_DIRECTIONS_.
Please return only the lines between the line with "평리동 빌라 누수 탐지 비용" and the final line of the entries, both included, and exclude pictures.

_DATA IN THIS EXERCISE_.
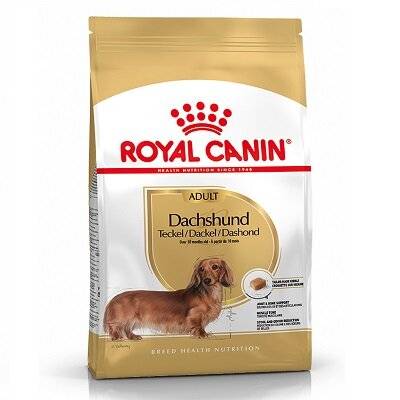 Royal Canin Dachshund Complete Adult Dry Dog Kibble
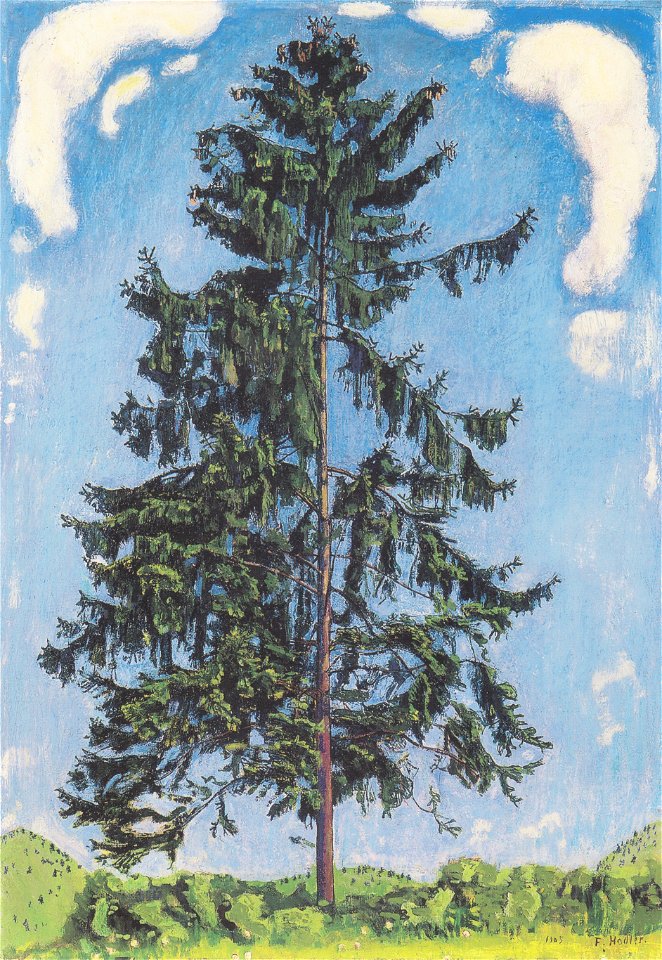 Hodler - Tanne bei Chamby - 1905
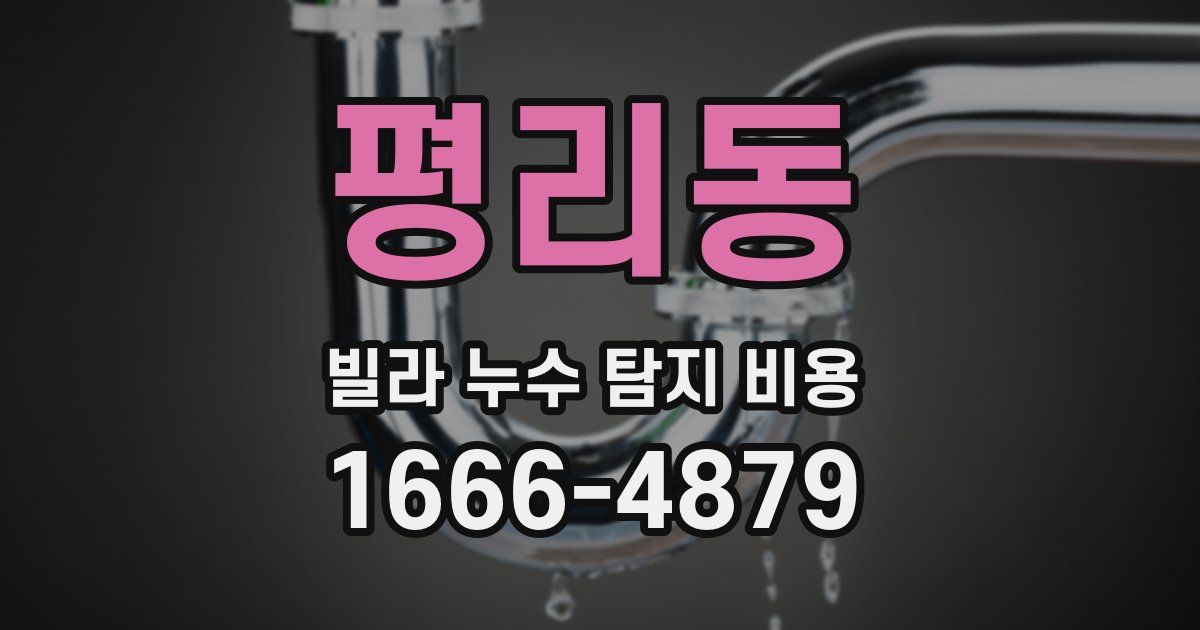 평리동 빌라 누수 탐지 비용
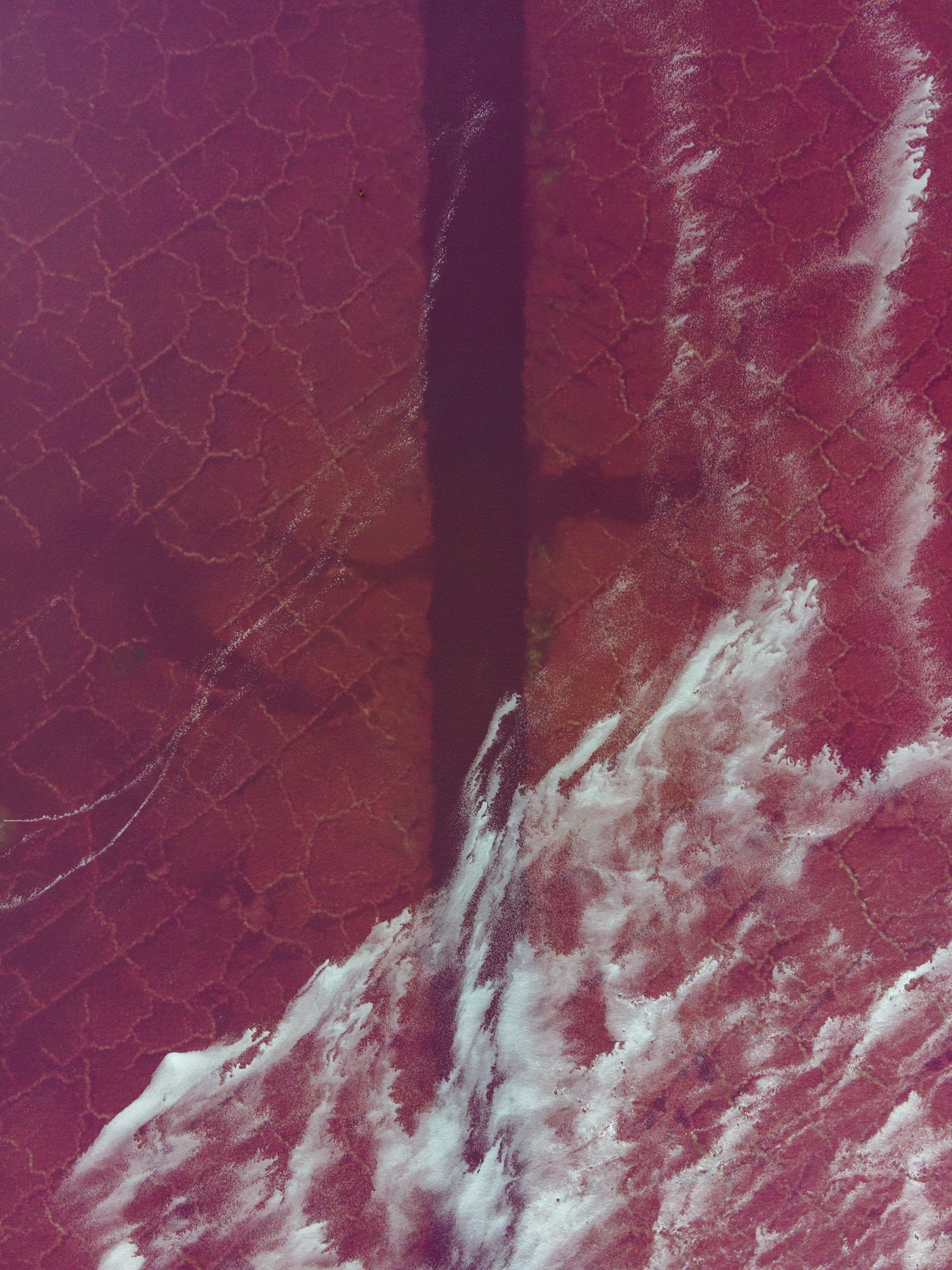Behrens Trench, Great Salt Lake, Pink Water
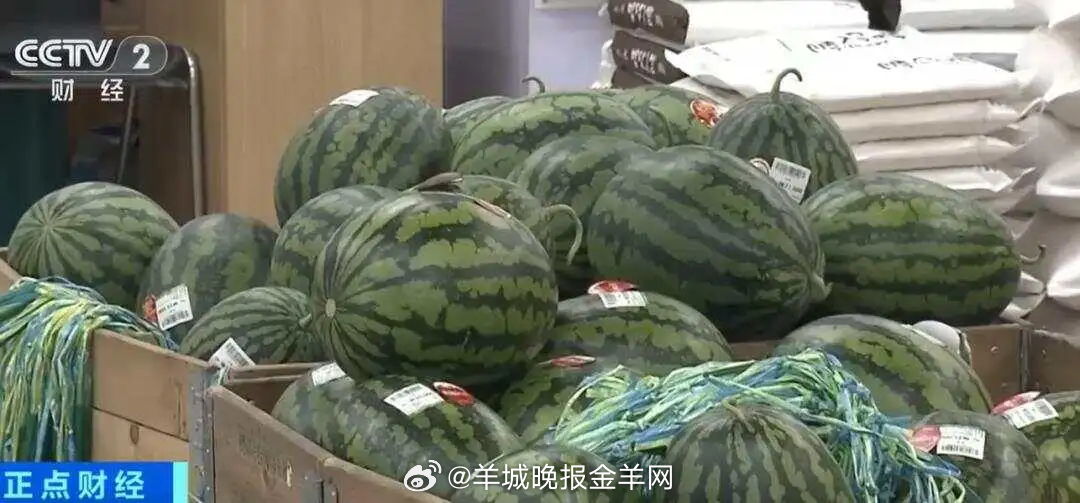 【#韩国一个西瓜涨到156元#，一棵大白菜均价超22元】近期，韩国持续遭遇热浪。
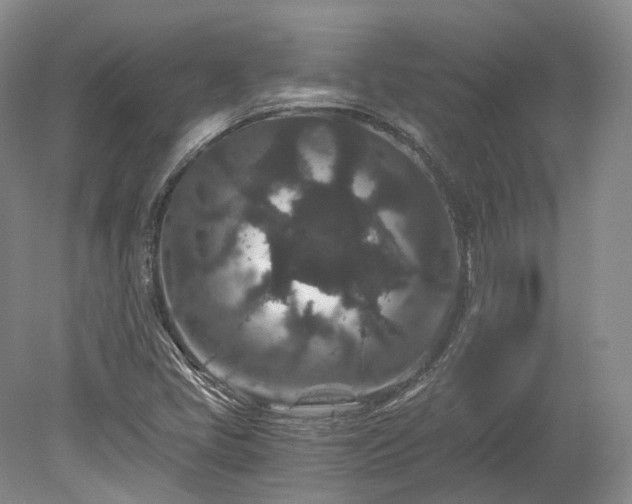 X0000078281405200611101121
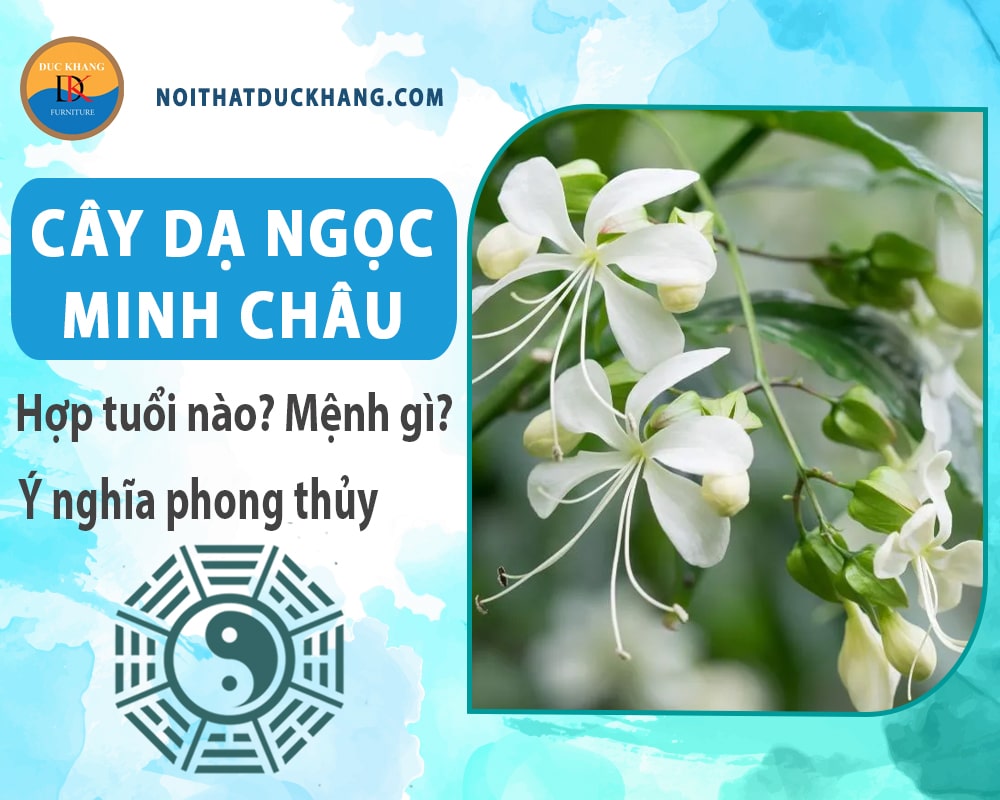 Cây dạ ngọc minh châu hợp tuổi nào? Mệnh gì? Ý nghĩa phong thủy?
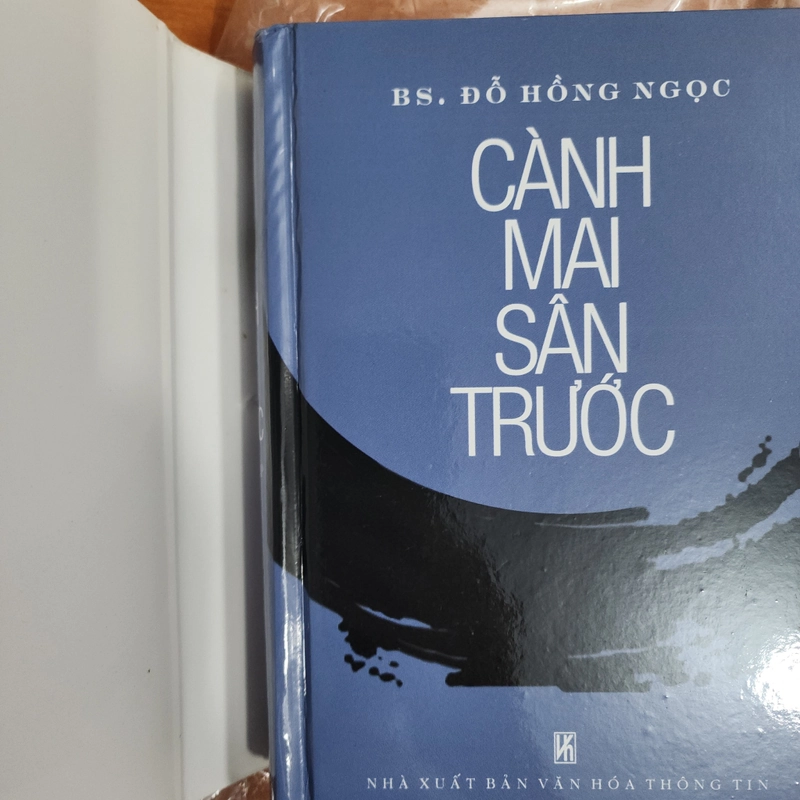 Sách Cành mai sân trước của BS Đỗ Hồng Ngọc mới 90% 531593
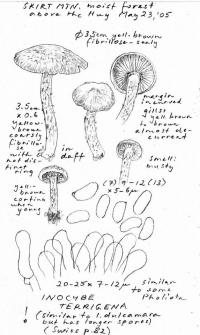 Image of Inocybe terrigena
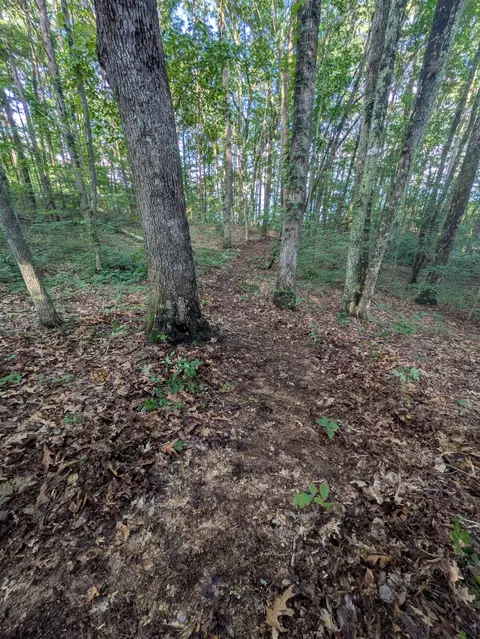 lot18 Windridge Dr, Dunlap, TN 37327 photo 11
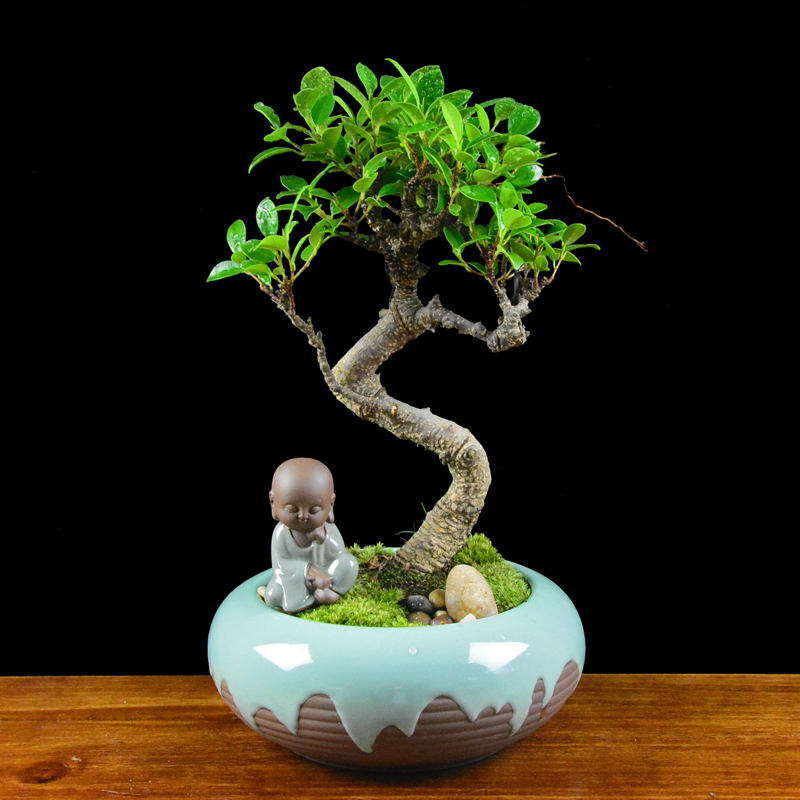 四季常青綠葉盆景圖片，精致的小葉榕樹盆景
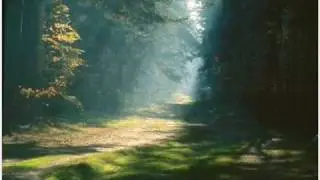 Svarga - I Can Not Fly (Не Могу Лететь)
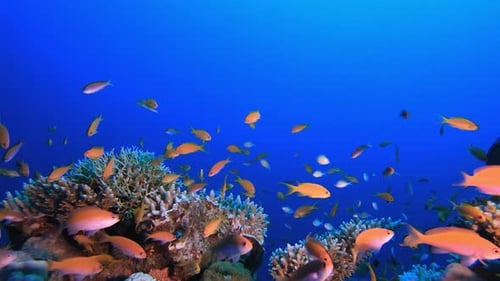 Underwater Scene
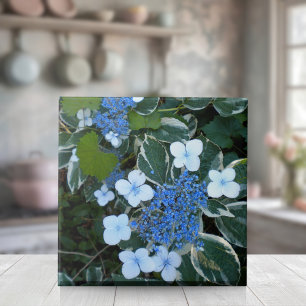 Variegated Blue Hydrangea Tile
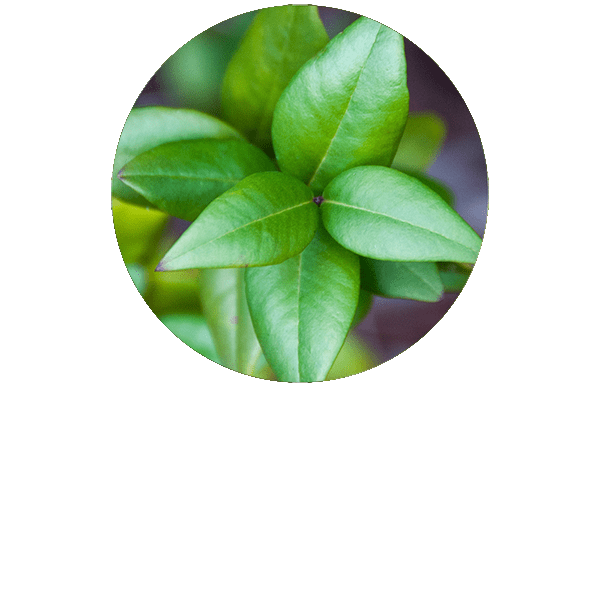 Green Myrtle Organic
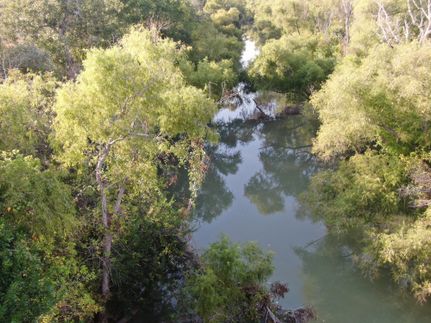 Riverfront Property for sale in Wilson County, Texas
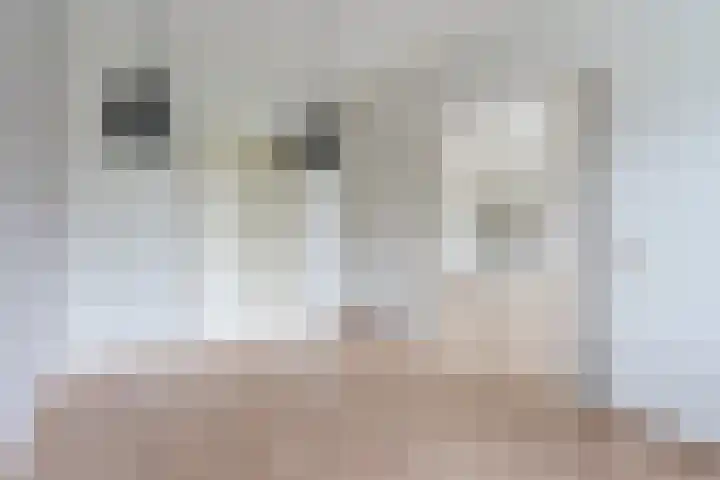 Spinet 37 Zevenaar thumbnail 37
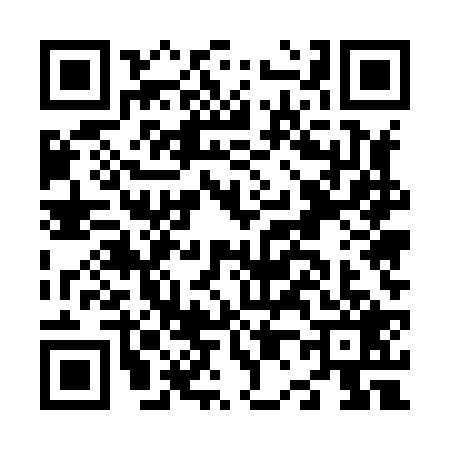 QR code for N058295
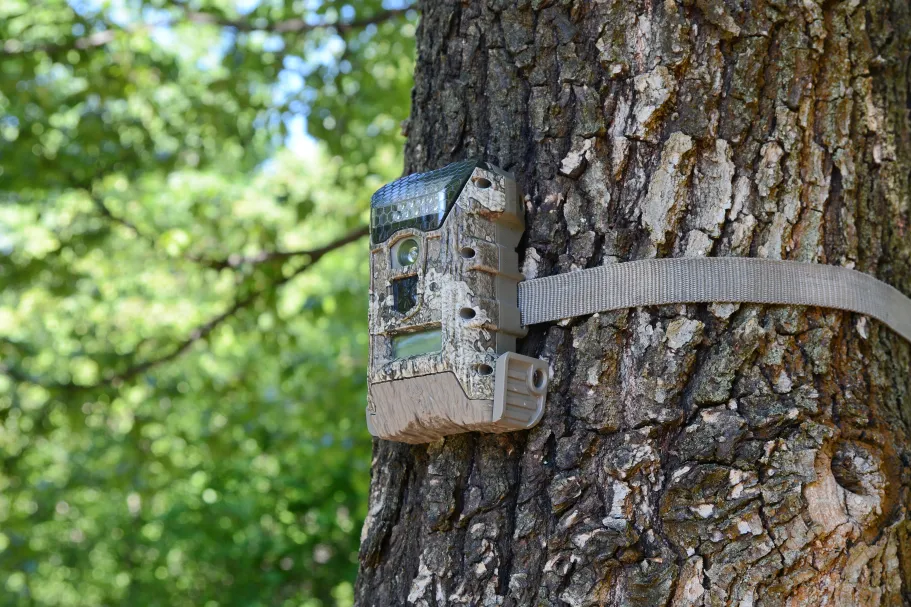 Mammal density estimation using camera traps: new perspectives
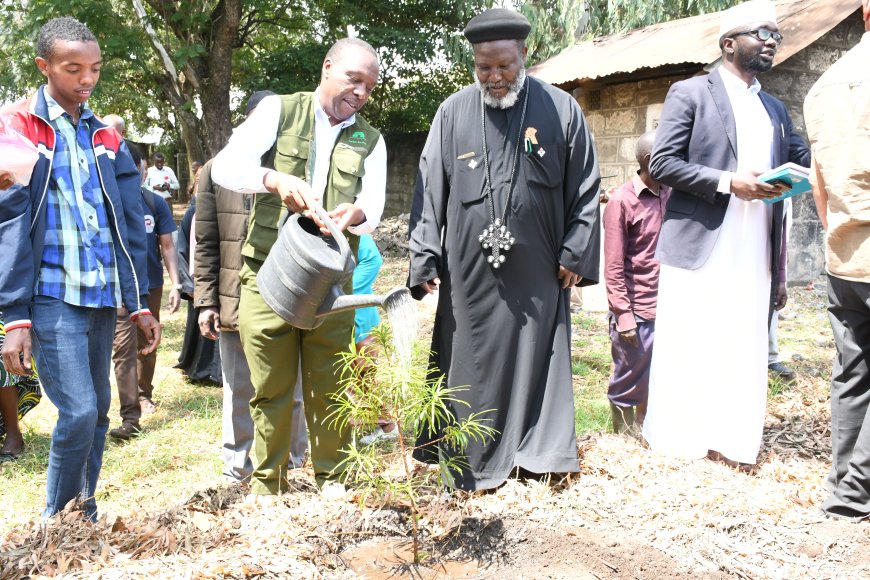 Clergy join forces in planting trees, reversing climate change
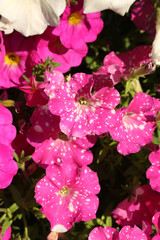 Pink, purple flowers of surfinia (ampelous petunia). Summer flowers. Floral postcard with pink surfinia. Garden, seasonal gardening. Purple surfinia blossom. Pink bloom of surfinia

_ANSWER FOR THIS EXERCISE_.
 평리동 빌라 누수 탐지 비용
Behrens Trench, Great Salt Lake, Pink Water
 【#韩国一个西瓜涨到156元#，一棵大白菜均价超22元】近期，韩国持续遭遇热浪。
 X0000078281405200611101121
 Cây dạ ngọc minh châu hợp tuổi nào? Mệnh gì? Ý nghĩa phong thủy?
 Sách Cành mai sân trước của BS Đỗ Hồng Ngọc mới 90% 531593
 Image of Inocybe terrigena
 lot18 Windridge Dr, Dunlap, TN 37327 photo 11
 四季常青綠葉盆景圖片，精致的小葉榕樹盆景
 Svarga - I Can Not Fly (Не Могу Лететь)
 Underwater Scene
 Variegated Blue Hydrangea Tile
 Green Myrtle Organic
 Riverfront Property for sale in Wilson County, Texas
 Spinet 37 Zevenaar thumbnail 37
 QR code for N058295
 Mammal density estimation using camera traps: new perspectives
 Clergy join forces in planting trees, reversing climate change
 Pink, purple flowers of surfinia (ampelous petunia). Summer flowers. Floral postcard with pink surfinia. Garden, seasonal gardening. Purple surfinia blossom. Pink bloom of surfinia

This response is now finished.